(AIM OF THE TASK) Copy out the data that comes next, character for character, and leave the images aside.

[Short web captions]
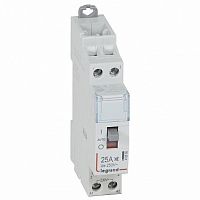 Модульный контактор  CX³ 2P 25А 250/230В AC |  код.  412558 |  Legrand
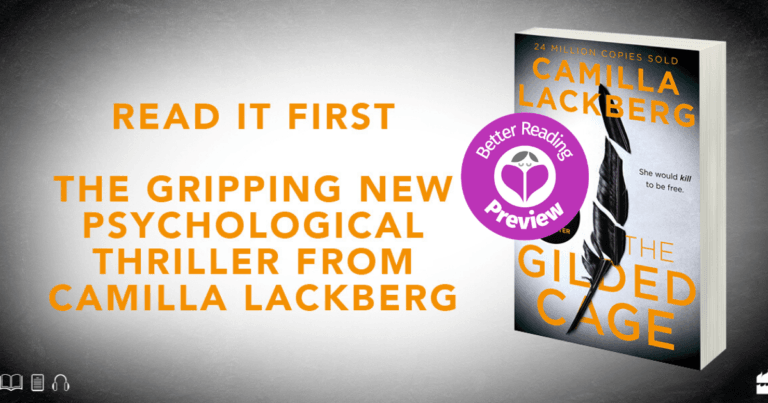 Better Reading Preview: The Gilded Cage by Camilla Lackberg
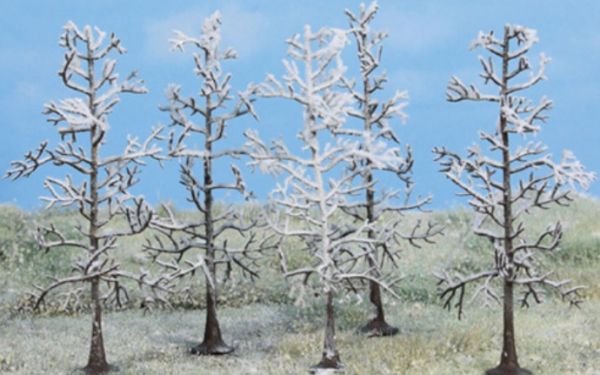 HEK2105 - 5 Winterbäume 10 cm - 1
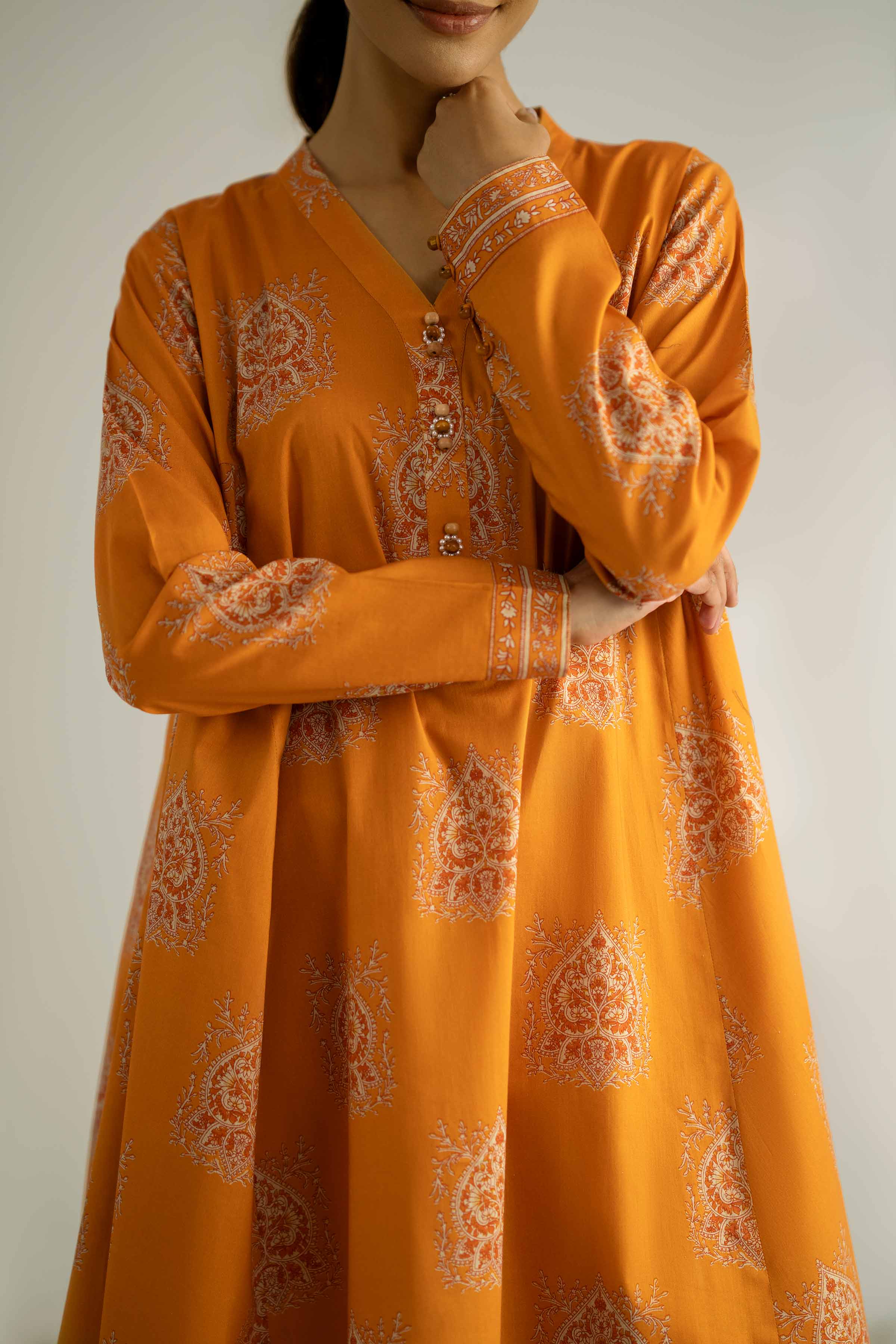 2 Piece - Printed Suit - 42502360 for Women - Unstitched Collection | Nishat | Shop Online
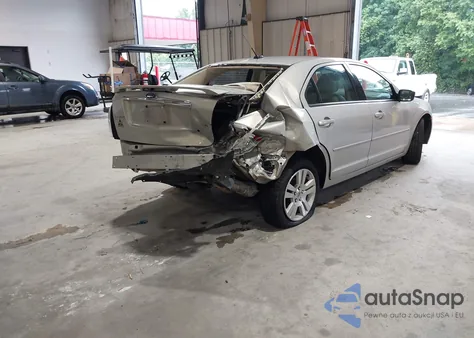 2009 Ford Fusion Sel из США, поврежденный, VIN 3FAHP08Z99R135451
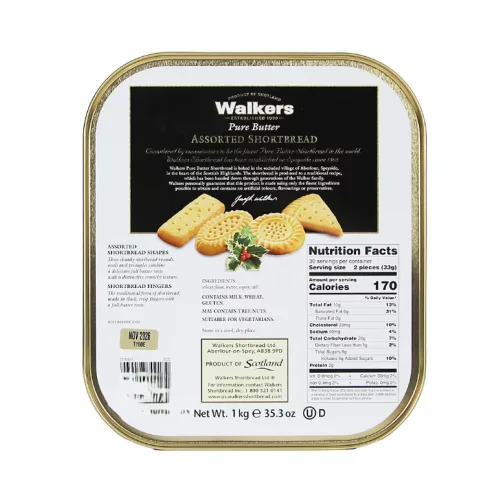 Miniatura 2 de Walkers Shortbread Cookies, Pure Butter Traditional Scottish Recipe, Family Size Box, Authentic European Bakery Treats, No Artificial Flavors or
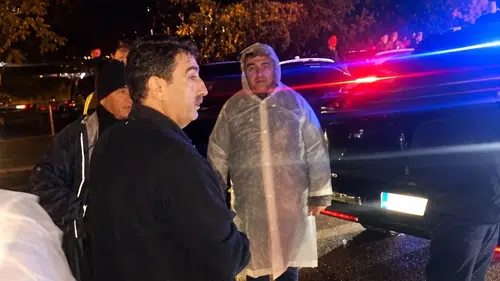 Yurtbaşı'nda sağanak alarmı: Belediye Başkanı Nihat Doğan sel bölgesinde incelemelerde bulundu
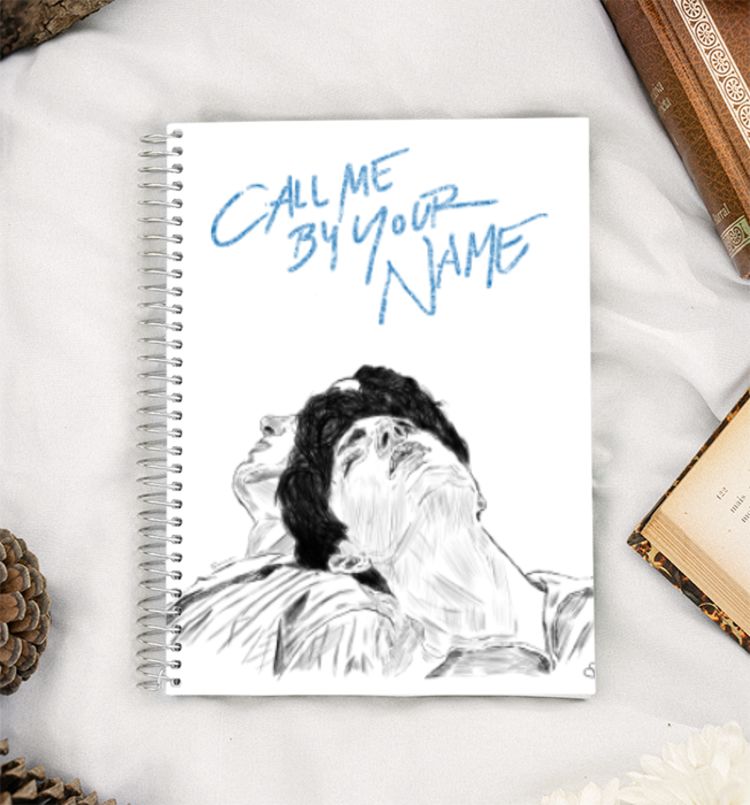 CALL ME BY YOUR NAME A5 Notebook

(TASK RESPONSE)
 Модульный контактор  CX³ 2P 25А 250/230В AC |  код.  412558 |  Legrand
 Better Reading Preview: The Gilded Cage by Camilla Lackberg
 HEK2105 - 5 Winterbäume 10 cm - 1
 2 Piece - Printed Suit - 42502360 for Women - Unstitched Collection | Nishat | Shop Online
 2009 Ford Fusion Sel из США, поврежденный, VIN 3FAHP08Z99R135451
 Miniatura 2 de Walkers Shortbread Cookies, Pure Butter Traditional Scottish Recipe, Family Size Box, Authentic European Bakery Treats, No Artificial Flavors or
 Yurtbaşı'nda sağanak alarmı: Belediye Başkanı Nihat Doğan sel bölgesinde incelemelerde bulundu
 CALL ME BY YOUR NAME A5 Notebook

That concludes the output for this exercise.